Medscape General Medicine. 2000;2(2) 

In This Article

The Relationship Between Loneliness and Depression

Not all lonely people are depressed, nor are all depressed people lonely, but the 2 conditions share significant variance in many of the studies that have measured them both. Some people experience transient loneliness, others a more permanent type of loneliness. As indicated above, those suffering chronic forms of loneliness are more likely to also be depressed than those whose loneliness is more fleeting, reactive, and situational.
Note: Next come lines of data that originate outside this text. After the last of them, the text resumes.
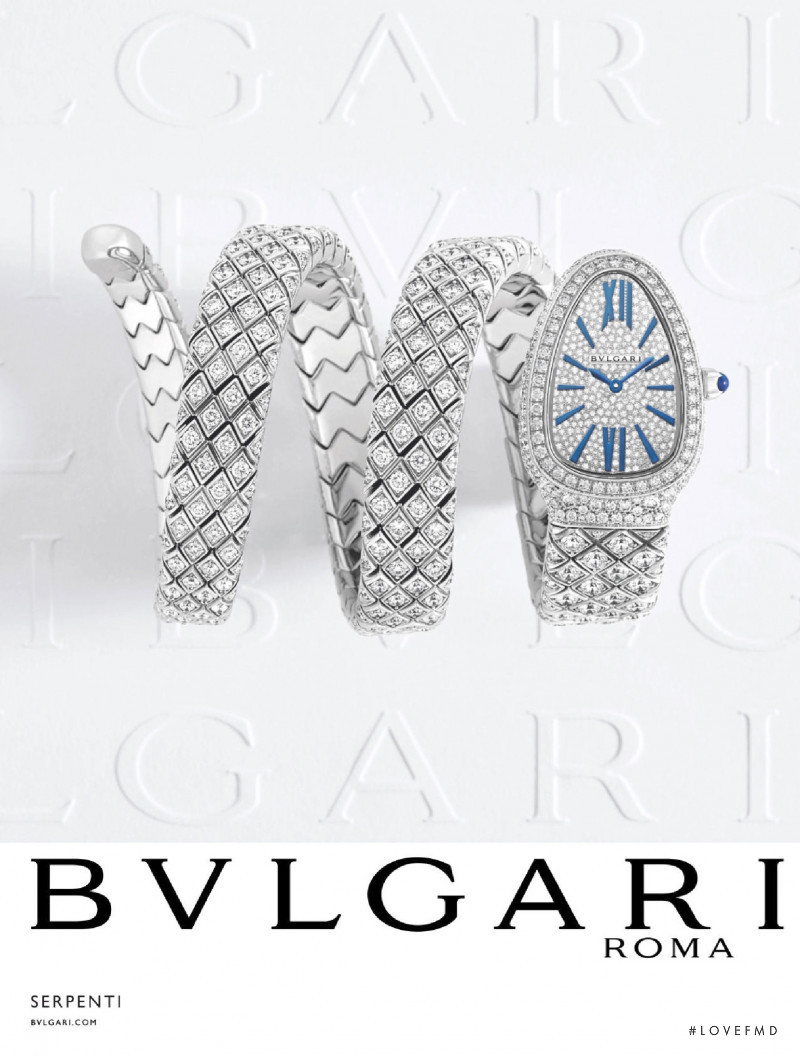 Bulgari advertisement for Spring/Summer 2021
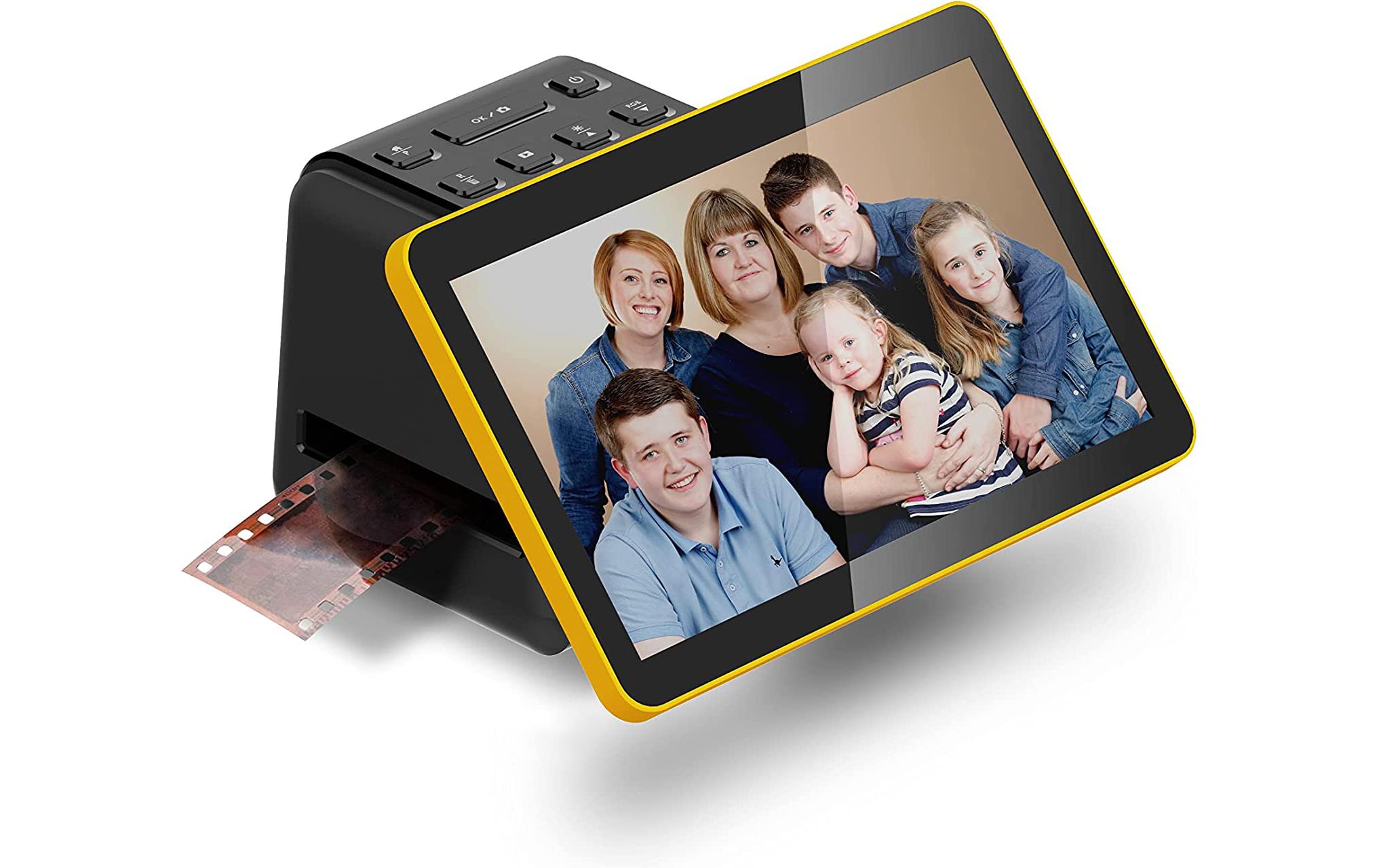 Dia-/Filmscanner Slide N Scan Max<br>Digitaler Film- und Diascanner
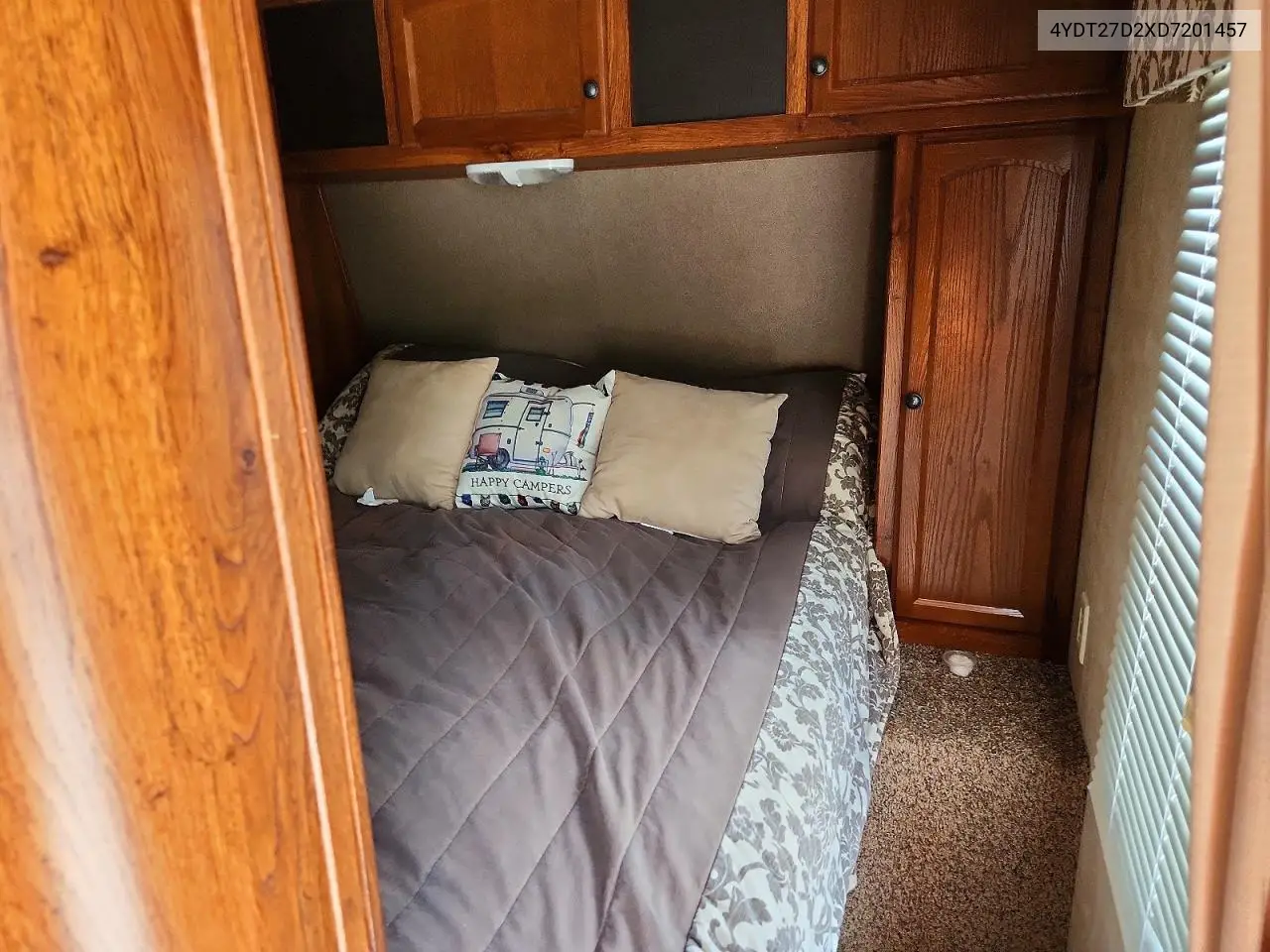 2013 Key Stone Recreational Vehicle (Rv) VIN: 4YDT27D2XD7201457 Lot: 61593276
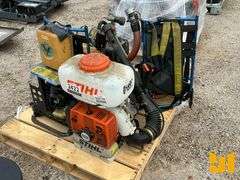 STIHL SR420 BLOWER SPRAY/FOGGER, DYNA-FOG MINI LITE, 2 OTHER BACKPACK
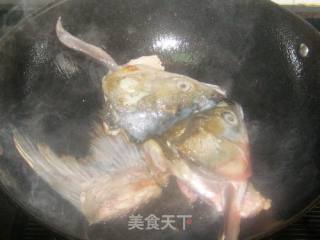 Herring Head Shredded Radish Soup recipe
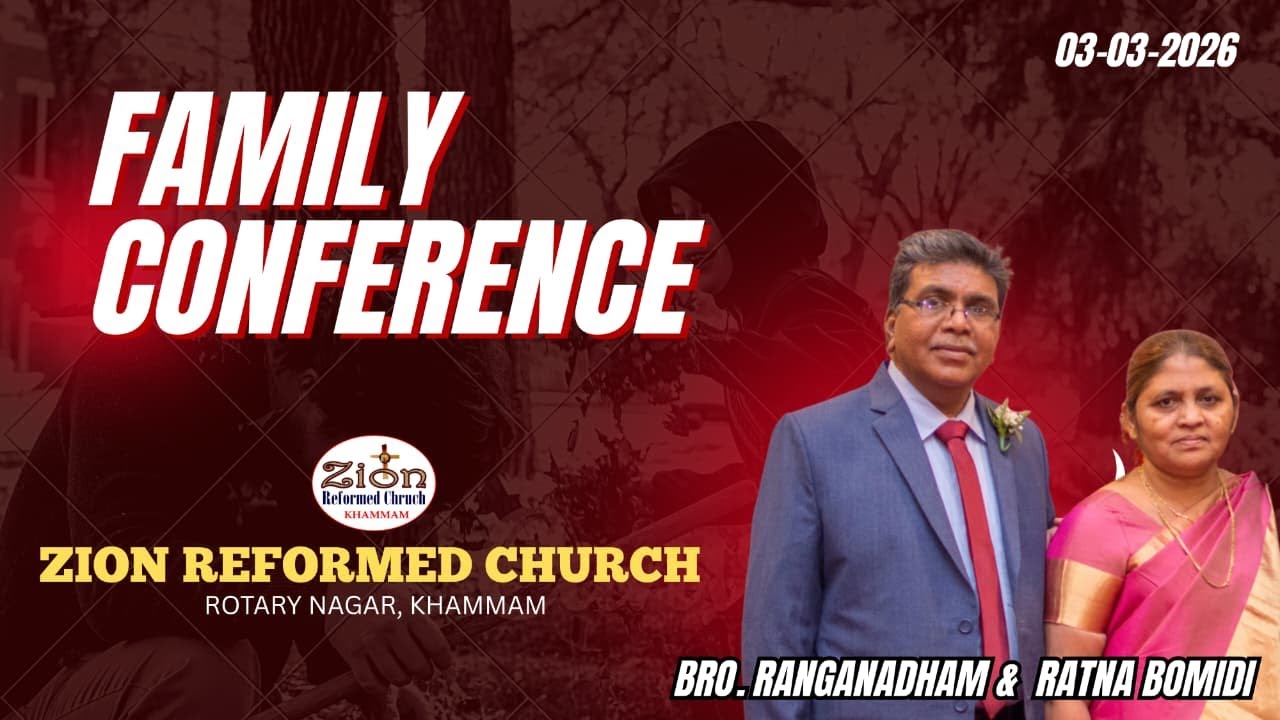 FAMILY CONFERENCE ||  ZION REFORMED CHURCH 03-03-2026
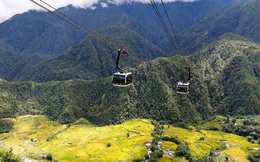 Cáp treo Fansipan - Chương mới của du lịch Sa Pa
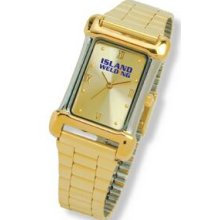 Ladies` Saturn Gold Watch W/ Gold Bracelet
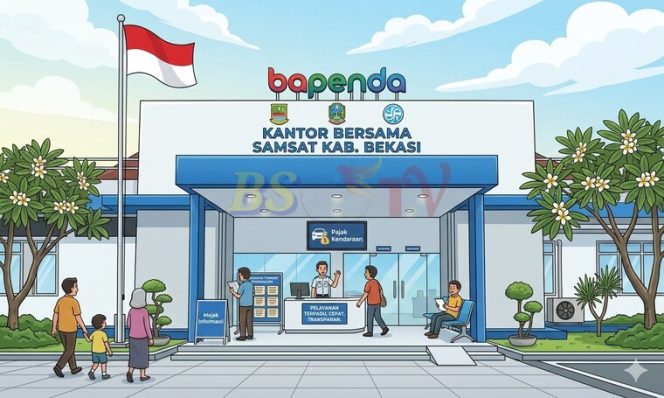 
 Wajah Baru Samsat Kabupaten Bekasi: Fokus Pelayanan Prima Cepat dan Transparan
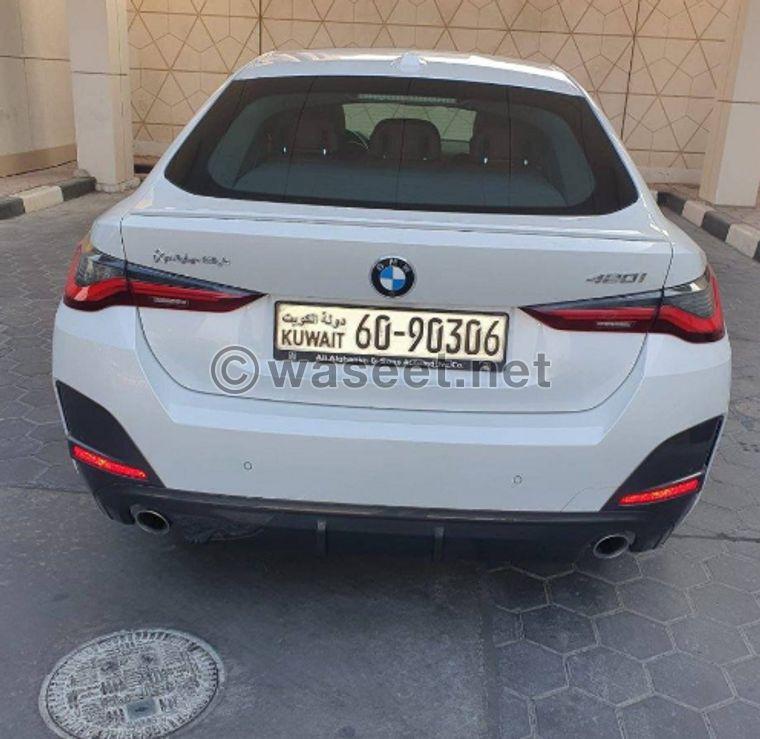 BMW 420i model 2022 for sale 3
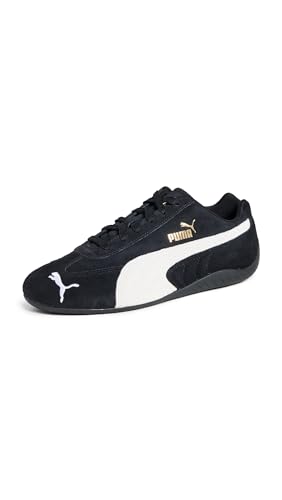 Puma Women's Speedcat Shoes Sneaker, Black/White,...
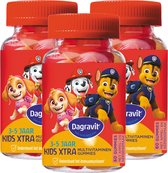 Dagravit Kids Xtra Paw Patrol - Vitaminen - 60 gummies 3 pack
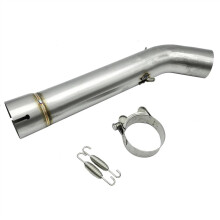 Motorcycle Exhaust Mid Link Pipe Muffler for F750GS F850GS Adventure 20182021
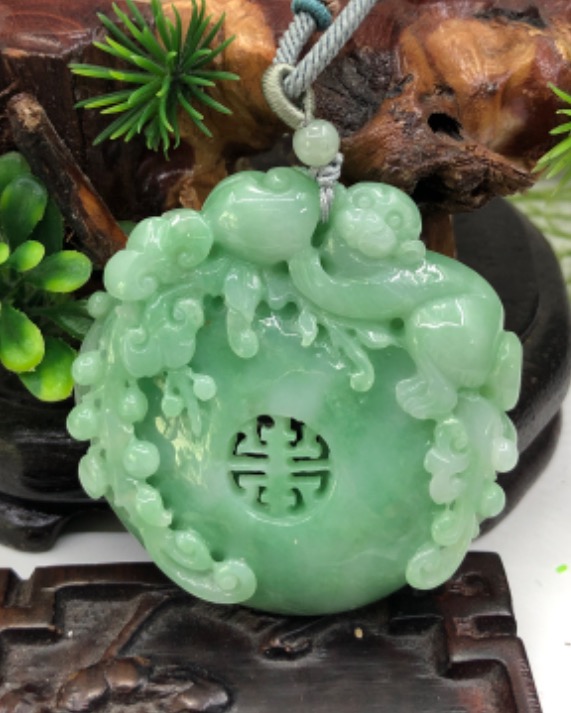 灵猴献寿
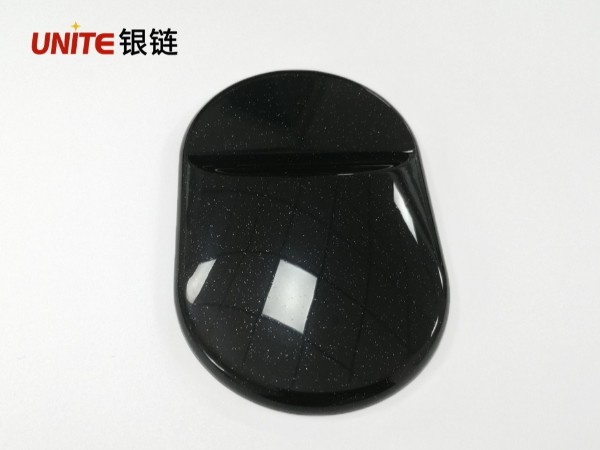 銀鏈星鉆黑色ABS免噴涂塑料 銀鏈星鉆黑色ABS免噴涂塑料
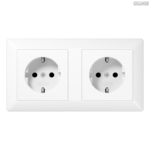 Jung BRG 12-5 PK 42 Abdeckung mit Kipphebel "Kegel" 1-fach 2 Kipphebel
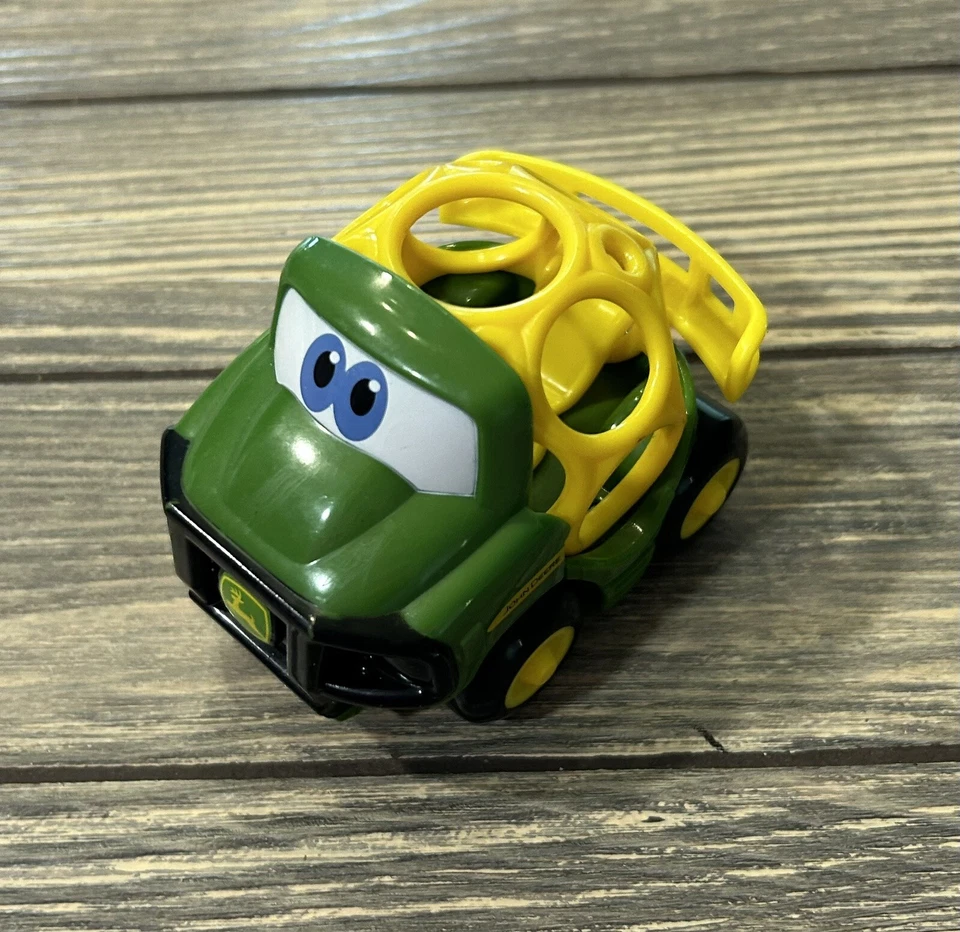 John Deere Ball Kids II Toddler Plastic Car Green - Image 1 of 3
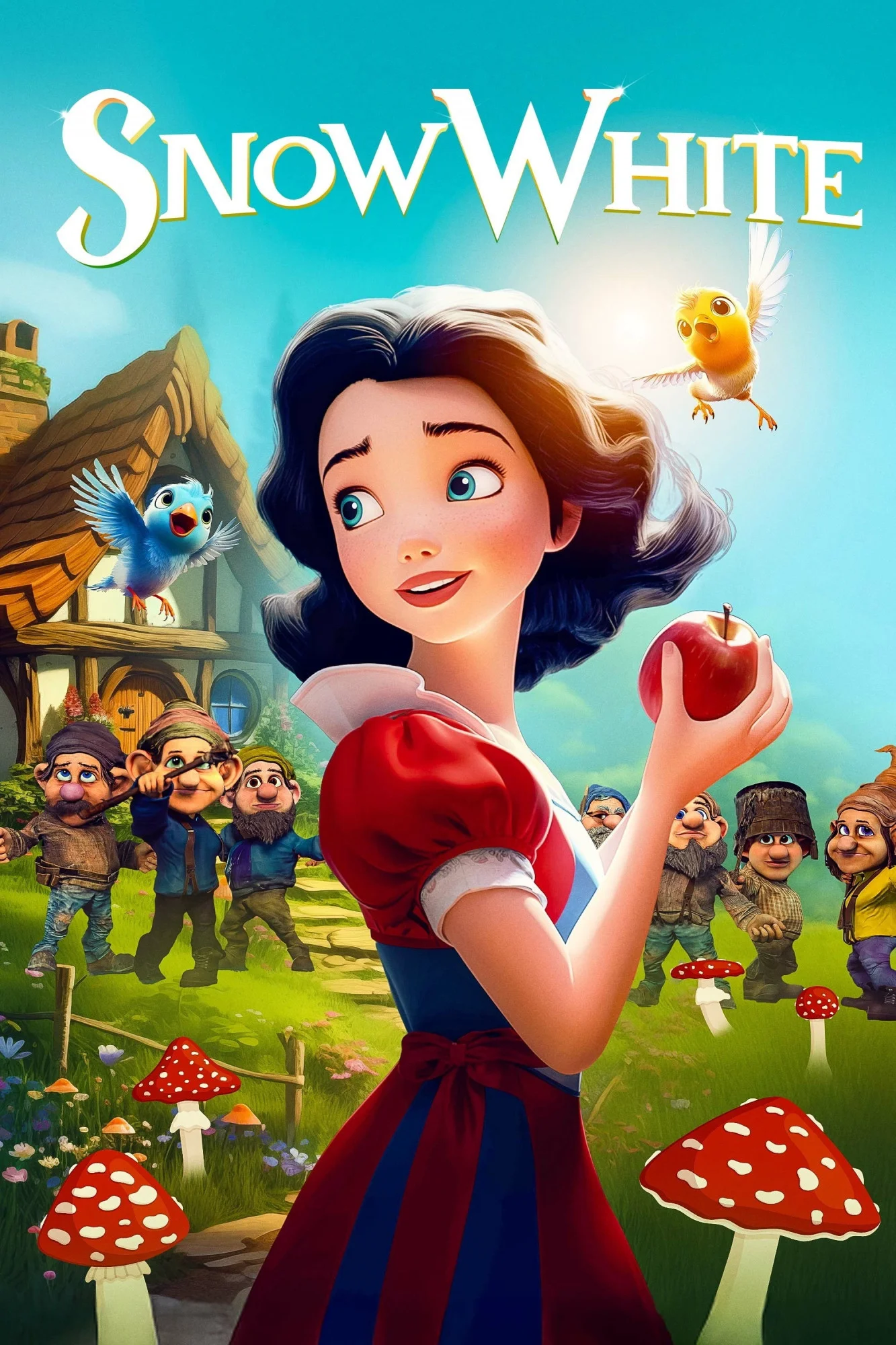 سفیدبرفی و هفت کوتوله (Snow White and the 7 Dwarfs)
Because loneliness and depression share some characteristics, differential diagnosis can be challenging. Summarizing the research in an earlier work[26] delineates 4 areas that should be probed prior to making a diagnosis. It is important for clinicians to note that the conditions may well be coexistent and that each patient presents somewhat differently. It should also be noted that these 4 suggested target areas should be considered minimal areas of exploration, that is, they should be considered the beginning exploratory domains of differential diagnosis.

First, if the major area of patient dissatisfaction is focused on interpersonal issues rather than more global concerns about his or her life, the clinician may well be dealing with loneliness. Lonely people, if they are not also depressed, tend to be primarily concerned with their interpersonal distress, which, of course, may be accompanied by anger, anxiety, or any number of other factors. Depressed people, on the other hand, tend to have more global concerns that span the breadth of their lives, so that they are not necessarily primarily focused on their relationship problems. Second, clinicians will want to probe duration issues, that is, how long patients have felt sad, worthless, or whatever their presenting complaints might be. The longer those negative affects have been present, the greater the likelihood that depression is part of the clinical picture. Third, clinicians should determine the type and degree of guilt the patient is experiencing, since guilt appears to be more typical of depression than loneliness -- although some lonely patients also complain about feeling guilty. In effect, each patient must be carefully assessed to determine the probable valence of the presenting factors. Finally, clinicians should explore the area of vegetative symptomatology, since some researchers have found many of these to be more descriptive of depression than loneliness.